Early on in Julie Myerson's new book, she describes what the textbooks call an "intervention". "You get a whole crowd of people, relatives or friends who really care about your child, people who have been part of his life, to tell him he needs to go to rehab. But it has to be a surprise ..." As interventions go, The Lost Child has been pretty startling. A whole crowd of people – relatives, friends, Newsnight, the Daily Mail – has cornered Myerson's family to tell them what they think. Bloomsbury has rushed the book to publication. Hardly anyone in the country seems not to have an opinion about whether or not Myerson's child needs to go to rehab. It's been a surprise, all right.
The book started out, the story goes, as a social history along the lines of Myerson's big success, 2004's Home: The story of everyone who lived in our house – but this time about a young woman, Mary Yelloly, who died in 1838 when she was only 21 years old. It was a story of girlish detective work and cheerful, long-lost Yelloly descendants saying, "But of course you must join us for lunch while we fetch that dusty old box we have in the attic ..." But as she pieced together the details of this consumptive, long-ago family, her own was falling apart. She and her husband had evicted their 17-year-old son from their home, believing him to be in the grip of a destructive addiction to skunk. It was clearly hard to concentrate on a dead Georgian girl.
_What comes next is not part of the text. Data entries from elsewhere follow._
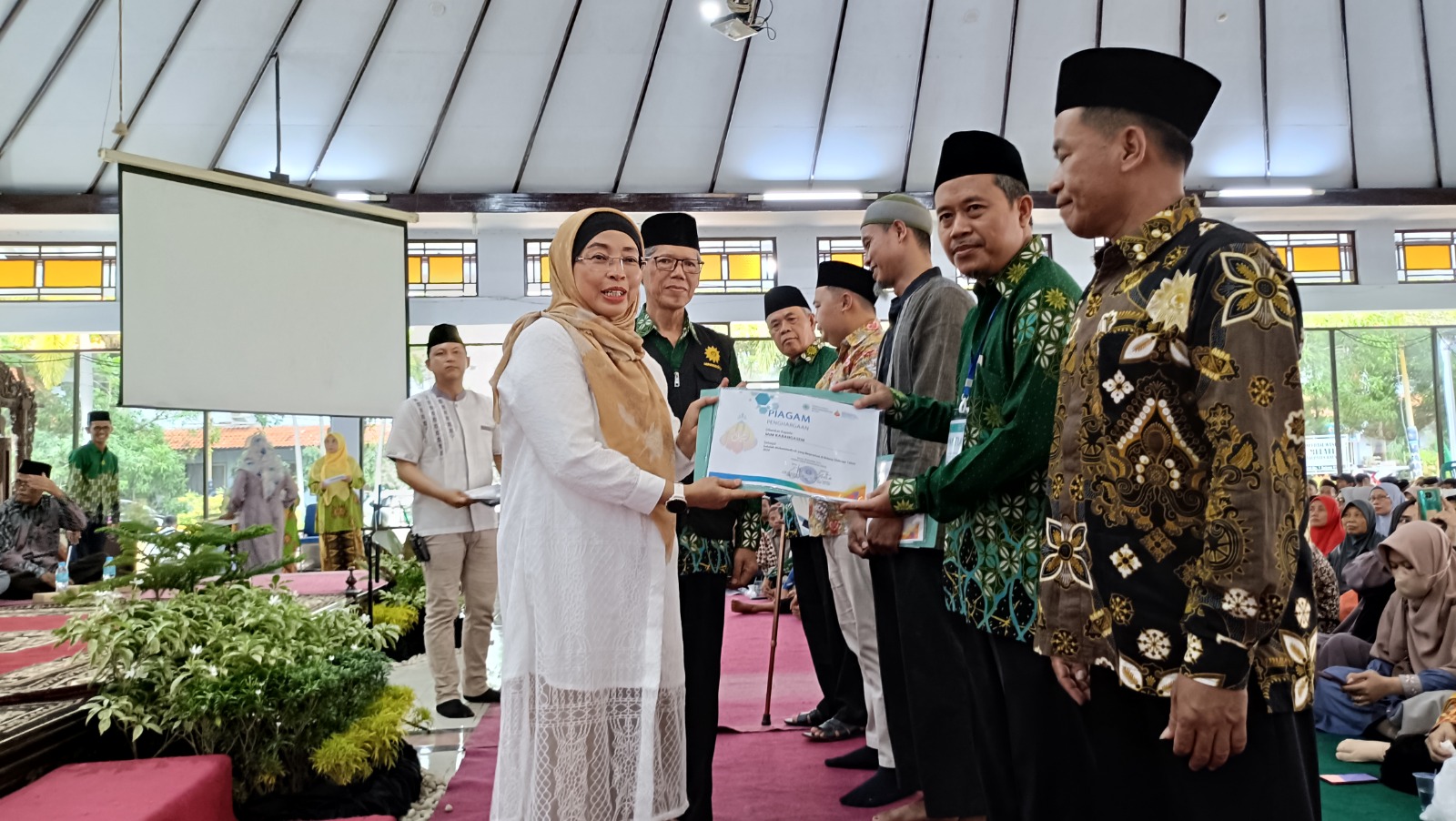Milad ke-112, Muhammadiyah Batang Percepat Pembangunan RSI PKU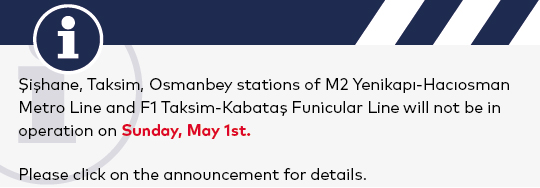 Metro İstanbul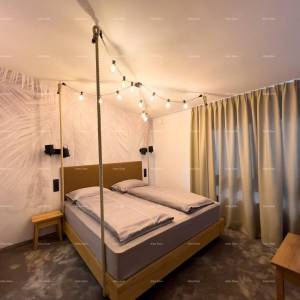 Potpuno nov bed and breakfast u centru Pule!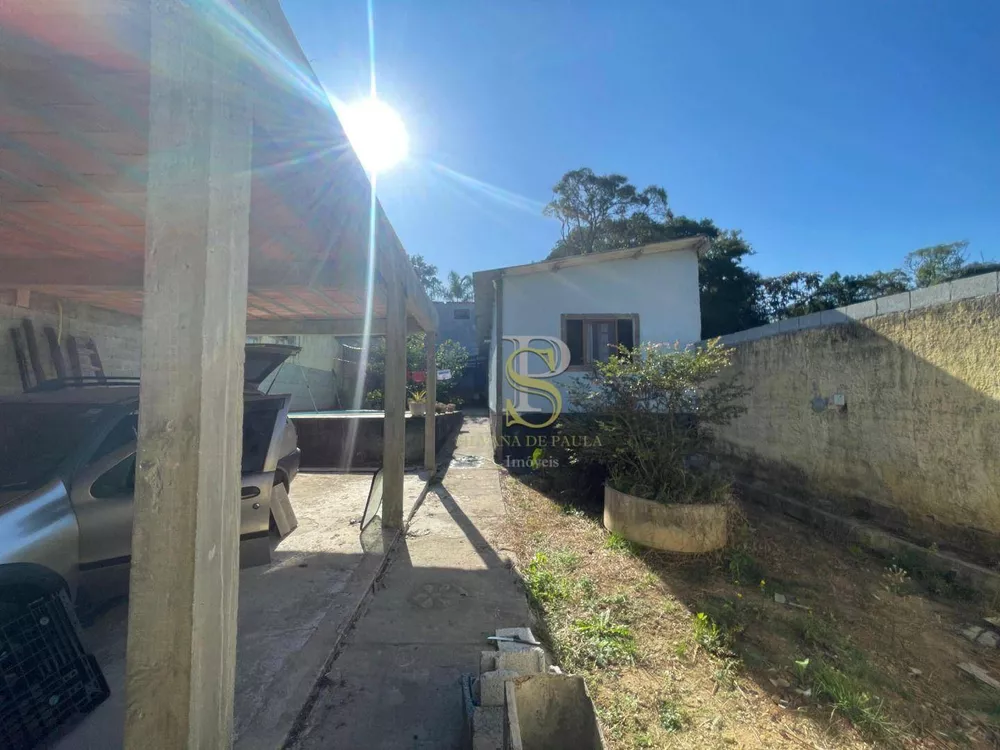 Casa, 3 quartos, 87 m² - Foto 1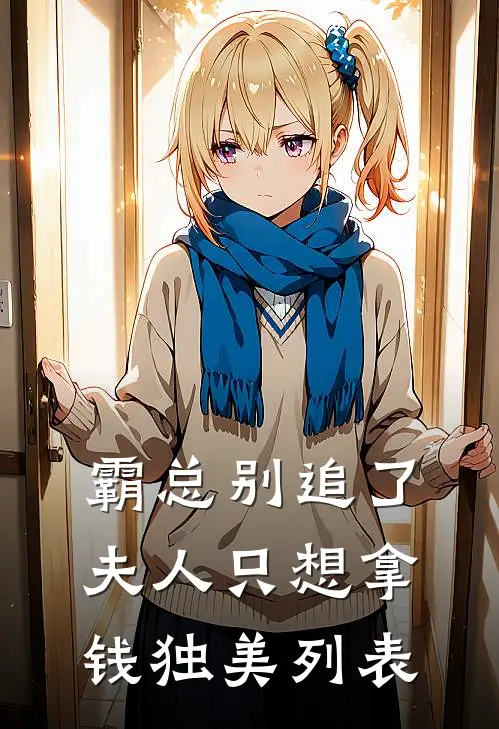 霸总别追了，夫人只想拿钱独美列表
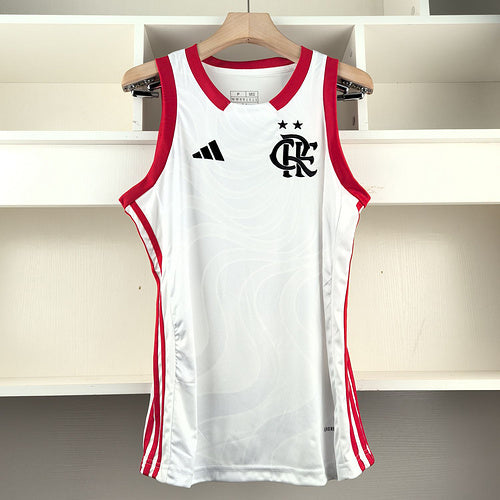 Regata Flamengo BASQUETE II 2024/25 - Torcedor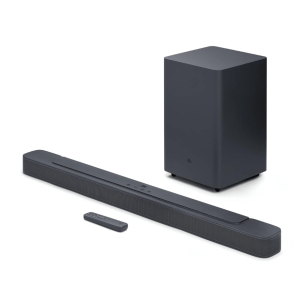JBL Bar 2.1 Deep Bass, Dolby Digital Soundbar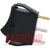 картинка Переключатель узкий с подсв. IRS-101E-1C ON-OFF, 3pin, 15A, 220V, красный от интернет магазина Radiovip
The blurb at the back of the book draws the following parallels between the two stories: "What happens when a child disappears from a family? What will survive of any of us in memory or in history?" But the book that came out of this tumultuous period is less a symbiotic interweaving of these two narratives of lost children, separated by centuries; more a fatal car crash of one overpowering story into another. It raises interesting questions about a writer's life. How much should and do her own experiences find their way into the writing? Can one ever write well about pain from a position of true pain? Is life, as Nora Ephron said, copy? And if so, how much of someone else's life is a writer entitled to?
The first thing that is striking about The Lost Child is pain –the pain of a modern family as it fractures and the pain of an 19th-century mother as she loses child after child to consumption, fever and "shock". Its first chapter introduces Mary and her sister: "Two young women, one dead, one alive. The living one holding the dead one tight in her arms. The dead one's loose hair already wet with the living one's tears." It is the first of many images of death. It will undoubtedly provoke Myerson's critics to tell her to pull herself together: her child is not lost. But evidently it feels as though he is.
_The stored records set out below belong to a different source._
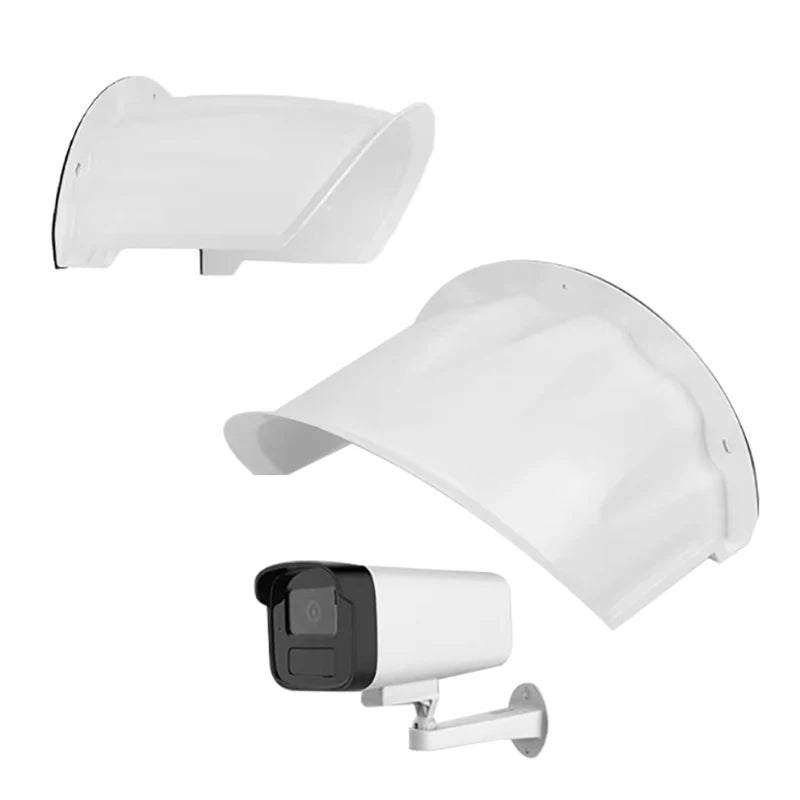Protective Covers Shield Wall Waterproof Rainproof Cover CCTV Turret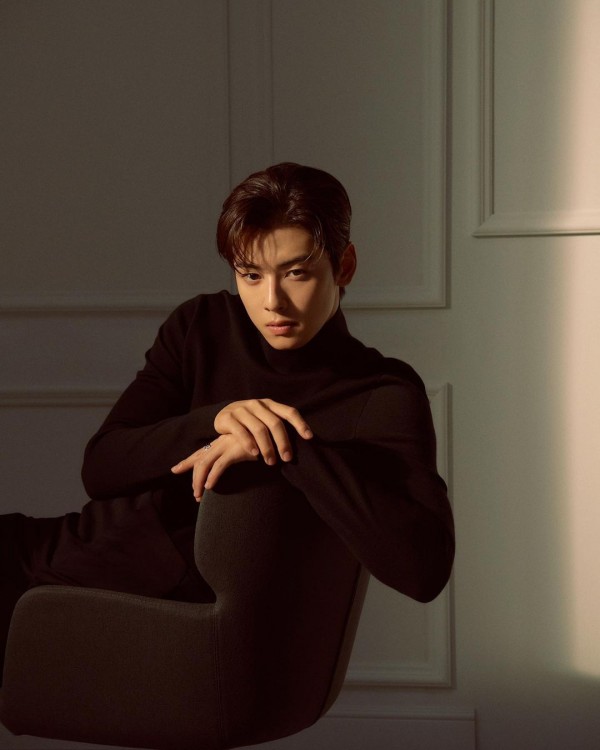 Cha Eun Woo's Rise in Popularity as he Stars in KDrama 'True Beauty' -  CelebMix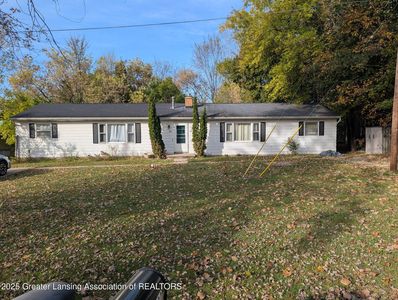 16720 Eunice St, East Lansing, MI, 48823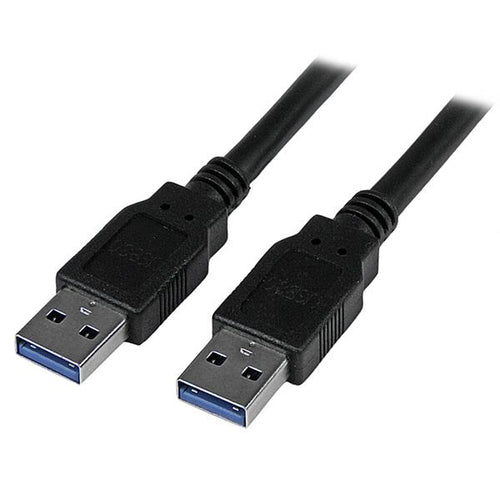 StarTech USB 3.0 Cable A to M/M 3m 10 ft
"I don't want anyone to ask my how I am because I don't know how I am," she writes. "OK, I do. I am raw. I am boring. I am flattened, deadened. I have nothing in my mind except the deep black hole that is the loss of my child." If happiness writes white, the problem with misery is that it usually cannot write at all. But here it is given eloquent expression. Never has a book contained so many startling metaphors for loss.
Myerson describes the book, to her son and subsequently to her critics, as "a book about how much I love you ... though I realise you may not choose to see it quite like that." This must be the tough love that the drug counsellors talk about, because it reads, at times, as a book about a deeply unpleasant young man. He knocks down his mother in a fight, perforating her eardrum with a premeditated punch. He kicks through doors. He demands money and threatens his family with knives. "We love you," they endlessly tell him.
But Myerson is not afraid to show her own dark side, too. Arranging an abortion for her sneering boy's quondam girlfriend, she tells the girl: "'All I want is for you to be OK.' It's not true. It's not all I want. All I want is for this to be over before she has time to change her mind." A mother protecting her cub is not always an appealing sight. And whether she knows it or not, transcribing mother-son rows verbatim only lends credence to her son's recent accusation that she is bonkers. "Yeah well. I didn't get to sleep till late," he says on the phone. "Why?" she says. "What were you doing?" Would it be facetious to say that this might drive anyone to drugs?
What this is also, however, is a campaigning book – and this may surprise those who have read that the crazy Myersons threw their son out on the street for smoking the odd spliff and having teenage tantrums. The psychiatrists and counsellors they consult tell them some scary things about skunk: that it is not the same as cannabis used to be; that its psychological effects are irreversible; that it is particularly damaging to developing teenage brains; that it is, says one, more dangerous than heroin. Their son – referred to throughout as "our boy" – insists that he is not an addict. One hopes he will use this opportunity to exercise the talent that everybody insists he has, and write a more convincing explanation of events.
Amid all the anger, the pain and the he said/she said of the Myersons' story, poor Mary Yelloly is rather lost. When he is shown the manuscript, the boy makes a number of factual corrections (and either does or doesn't give his permission to publish, depending on whom you believe), and tells his mother: "To be absolutely honest ... I wasn't all that interested in the stuff about the Mary Yelloly person." He's not the only one.
Whether or not the young man is an addict; whether his parents were right to expel him from their home; even whether it is fair to put a teenager's life into print: these are questions that will be addressed in news and columns and television discussion shows for some time to come. But if the question is whether a woman has a right to tell a story that is also, actually, her own – a book reviewer can only say yes. And add that anyone who reads it will struggle not to be profoundly moved.